There's no doubt about it: modern life is all about the hustle and bustle. It certainly takes its toll on you. Those looking for a relaxing vacation want a quiet, rural place flourishing with natural beauty, quiet but still accessible. If you've found yourself nodding along with this paragraph, you should hear about the English county of Shropshire.

Background

Shropshire is a county in the West Midlands area of England; it sits smack-dab in the middle of the west coast, and is known for its proximity to Wales. It is usually divided into North and South Shropshire. Each area has its own benefits, but South Shropshire is more rural.

In the Olden Days

Shropshire has a truly wonderful history. Its beautiful landscape made it desirable to rulers for hundreds of years. When the Romans ruled Britain, their capital was based in Shropshire, bringing many people to the area and giving the area a truly unique part of Roman British history. Since then, things have settled down, but its natural beauty has never faded. Accordingly, many of the towns are of historical significance.

As Far as the Eye Can See

The West Midlands has a distinct green belt, an area of lush and undeveloped land, and it extends through Shropshire. It truly is a place of incredible geography, with some of England's most notable landmarks. The Wrekin, for example, is a massive hill, atop which some of the most incredible views in Shropshire can be had. Stiperstones is a formation, a five-mile long ridge of quartzite, making it a great destination for geologists and sightseers alike.
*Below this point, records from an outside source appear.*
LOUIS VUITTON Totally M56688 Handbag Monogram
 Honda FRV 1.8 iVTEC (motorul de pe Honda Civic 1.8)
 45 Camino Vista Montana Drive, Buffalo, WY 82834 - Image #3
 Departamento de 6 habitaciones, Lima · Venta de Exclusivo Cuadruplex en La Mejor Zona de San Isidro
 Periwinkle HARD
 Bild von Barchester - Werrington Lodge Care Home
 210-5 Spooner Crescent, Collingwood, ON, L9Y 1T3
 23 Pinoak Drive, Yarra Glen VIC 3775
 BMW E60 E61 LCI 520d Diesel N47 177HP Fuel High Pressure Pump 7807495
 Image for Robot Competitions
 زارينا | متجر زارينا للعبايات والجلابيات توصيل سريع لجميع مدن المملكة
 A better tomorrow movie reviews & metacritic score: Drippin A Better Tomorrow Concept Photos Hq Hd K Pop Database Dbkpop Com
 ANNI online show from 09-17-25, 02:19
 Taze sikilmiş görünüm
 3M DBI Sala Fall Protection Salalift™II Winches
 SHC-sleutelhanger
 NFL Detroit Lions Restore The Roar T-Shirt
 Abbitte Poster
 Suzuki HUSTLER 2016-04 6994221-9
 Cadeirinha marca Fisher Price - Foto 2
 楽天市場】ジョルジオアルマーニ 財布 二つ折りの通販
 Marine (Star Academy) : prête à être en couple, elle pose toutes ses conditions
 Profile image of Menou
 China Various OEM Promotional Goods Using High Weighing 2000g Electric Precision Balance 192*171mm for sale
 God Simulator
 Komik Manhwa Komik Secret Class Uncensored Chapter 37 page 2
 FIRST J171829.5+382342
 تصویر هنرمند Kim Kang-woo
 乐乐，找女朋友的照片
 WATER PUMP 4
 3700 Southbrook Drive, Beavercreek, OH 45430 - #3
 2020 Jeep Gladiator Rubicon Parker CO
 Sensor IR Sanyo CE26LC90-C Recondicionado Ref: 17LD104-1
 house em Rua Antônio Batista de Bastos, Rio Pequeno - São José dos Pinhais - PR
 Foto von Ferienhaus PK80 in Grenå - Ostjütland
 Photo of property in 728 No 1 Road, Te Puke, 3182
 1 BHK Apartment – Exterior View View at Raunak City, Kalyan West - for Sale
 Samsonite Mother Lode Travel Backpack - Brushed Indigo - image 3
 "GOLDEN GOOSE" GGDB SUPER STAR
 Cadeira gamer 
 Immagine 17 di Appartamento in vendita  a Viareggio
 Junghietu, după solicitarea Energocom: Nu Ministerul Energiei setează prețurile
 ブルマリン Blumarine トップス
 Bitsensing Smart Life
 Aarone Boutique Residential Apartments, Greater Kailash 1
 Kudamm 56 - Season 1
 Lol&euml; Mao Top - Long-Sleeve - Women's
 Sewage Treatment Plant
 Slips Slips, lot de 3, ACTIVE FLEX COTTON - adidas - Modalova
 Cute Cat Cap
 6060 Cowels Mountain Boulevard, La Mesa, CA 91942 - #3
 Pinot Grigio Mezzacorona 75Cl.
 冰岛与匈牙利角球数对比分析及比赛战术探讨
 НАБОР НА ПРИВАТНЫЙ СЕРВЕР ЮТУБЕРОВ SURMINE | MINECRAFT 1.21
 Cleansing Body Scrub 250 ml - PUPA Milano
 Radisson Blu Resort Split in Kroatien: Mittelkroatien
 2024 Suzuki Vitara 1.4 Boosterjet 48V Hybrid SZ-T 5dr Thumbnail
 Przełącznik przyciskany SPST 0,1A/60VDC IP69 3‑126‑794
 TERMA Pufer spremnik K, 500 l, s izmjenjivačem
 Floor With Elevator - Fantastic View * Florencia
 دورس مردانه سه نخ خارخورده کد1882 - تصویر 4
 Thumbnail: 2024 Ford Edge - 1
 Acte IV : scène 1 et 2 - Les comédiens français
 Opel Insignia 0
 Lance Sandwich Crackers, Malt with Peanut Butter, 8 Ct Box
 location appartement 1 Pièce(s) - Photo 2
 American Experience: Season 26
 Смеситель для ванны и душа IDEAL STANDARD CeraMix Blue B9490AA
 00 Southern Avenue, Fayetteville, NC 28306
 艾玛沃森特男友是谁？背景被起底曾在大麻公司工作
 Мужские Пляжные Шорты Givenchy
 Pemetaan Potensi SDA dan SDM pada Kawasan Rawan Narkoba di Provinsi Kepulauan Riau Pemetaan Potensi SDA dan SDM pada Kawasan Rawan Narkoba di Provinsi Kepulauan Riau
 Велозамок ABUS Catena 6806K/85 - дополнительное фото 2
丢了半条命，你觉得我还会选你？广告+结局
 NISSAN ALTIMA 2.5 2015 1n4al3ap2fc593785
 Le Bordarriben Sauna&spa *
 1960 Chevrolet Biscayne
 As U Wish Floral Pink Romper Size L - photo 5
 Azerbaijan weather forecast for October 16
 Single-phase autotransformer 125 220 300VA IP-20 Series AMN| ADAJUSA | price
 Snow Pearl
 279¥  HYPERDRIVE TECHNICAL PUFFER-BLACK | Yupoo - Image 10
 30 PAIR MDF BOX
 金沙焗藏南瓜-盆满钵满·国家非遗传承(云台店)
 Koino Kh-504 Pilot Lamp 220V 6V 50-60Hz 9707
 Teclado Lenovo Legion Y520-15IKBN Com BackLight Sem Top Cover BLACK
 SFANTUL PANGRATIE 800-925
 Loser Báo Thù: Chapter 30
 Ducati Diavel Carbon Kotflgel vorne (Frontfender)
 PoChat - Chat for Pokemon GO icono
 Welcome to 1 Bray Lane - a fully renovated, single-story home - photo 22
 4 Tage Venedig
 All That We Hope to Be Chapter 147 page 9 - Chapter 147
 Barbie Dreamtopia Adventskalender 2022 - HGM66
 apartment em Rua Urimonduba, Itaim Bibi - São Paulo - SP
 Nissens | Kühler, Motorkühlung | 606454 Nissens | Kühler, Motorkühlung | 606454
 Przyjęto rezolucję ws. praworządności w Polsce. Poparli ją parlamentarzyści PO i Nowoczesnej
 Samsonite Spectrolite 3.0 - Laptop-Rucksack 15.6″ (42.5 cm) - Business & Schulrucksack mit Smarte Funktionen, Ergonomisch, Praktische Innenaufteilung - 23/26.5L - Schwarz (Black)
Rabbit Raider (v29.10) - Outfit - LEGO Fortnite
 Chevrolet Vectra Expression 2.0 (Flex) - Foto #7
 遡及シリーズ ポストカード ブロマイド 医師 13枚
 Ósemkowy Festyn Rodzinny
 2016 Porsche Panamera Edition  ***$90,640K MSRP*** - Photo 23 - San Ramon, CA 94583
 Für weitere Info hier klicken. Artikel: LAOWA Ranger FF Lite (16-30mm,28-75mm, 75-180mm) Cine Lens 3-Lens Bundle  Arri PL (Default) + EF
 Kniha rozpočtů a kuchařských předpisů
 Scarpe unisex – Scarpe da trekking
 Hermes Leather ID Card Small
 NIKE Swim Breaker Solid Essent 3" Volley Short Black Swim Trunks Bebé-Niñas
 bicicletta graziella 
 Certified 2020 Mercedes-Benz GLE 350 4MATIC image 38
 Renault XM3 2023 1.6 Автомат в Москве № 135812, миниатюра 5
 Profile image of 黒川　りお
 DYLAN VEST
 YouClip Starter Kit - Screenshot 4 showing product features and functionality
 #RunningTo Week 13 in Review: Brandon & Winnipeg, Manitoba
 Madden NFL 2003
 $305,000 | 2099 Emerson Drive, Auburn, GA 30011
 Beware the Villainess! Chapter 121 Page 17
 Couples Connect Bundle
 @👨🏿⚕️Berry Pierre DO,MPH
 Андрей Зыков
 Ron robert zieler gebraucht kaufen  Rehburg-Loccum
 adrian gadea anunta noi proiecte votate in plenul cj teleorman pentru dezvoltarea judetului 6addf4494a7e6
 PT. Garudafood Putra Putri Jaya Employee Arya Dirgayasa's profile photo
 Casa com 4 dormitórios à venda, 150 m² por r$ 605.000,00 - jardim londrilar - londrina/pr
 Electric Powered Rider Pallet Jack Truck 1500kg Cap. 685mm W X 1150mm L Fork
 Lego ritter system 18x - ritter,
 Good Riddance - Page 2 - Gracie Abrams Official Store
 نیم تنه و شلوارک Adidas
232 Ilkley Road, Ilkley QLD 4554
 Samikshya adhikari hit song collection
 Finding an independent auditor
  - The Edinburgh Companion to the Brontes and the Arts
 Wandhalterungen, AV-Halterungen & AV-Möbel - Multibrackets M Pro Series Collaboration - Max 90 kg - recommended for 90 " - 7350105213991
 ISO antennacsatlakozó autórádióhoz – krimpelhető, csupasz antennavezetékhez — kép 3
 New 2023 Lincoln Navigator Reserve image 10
The area also boasts the Long Mynd - or long mountain - and the Clee Hills. And that's barely scratched the surface! Still, for those who don't much care for hiking, much of Shropshire consists of beautiful flatter plains. It isn't tough to see why much of the area was designated as an Area of Outstanding Natural Beauty.

In Modern Times

Much of Shropshire is rural and sparsely populated, although, as previously stated, South Shropshire is less populated than North Shropshire. In the North, you will find small towns such as Oswestry, Shrewsbury, Newport and Whitchurch. In the South, you will see fewer settlements, usually smaller towns, but the peace and quiet found in this area is unrivaled. If you're looking to get away from the daily grind and find yourself in a gorgeous, peaceful place, then a trip to Shropshire should be on your agenda.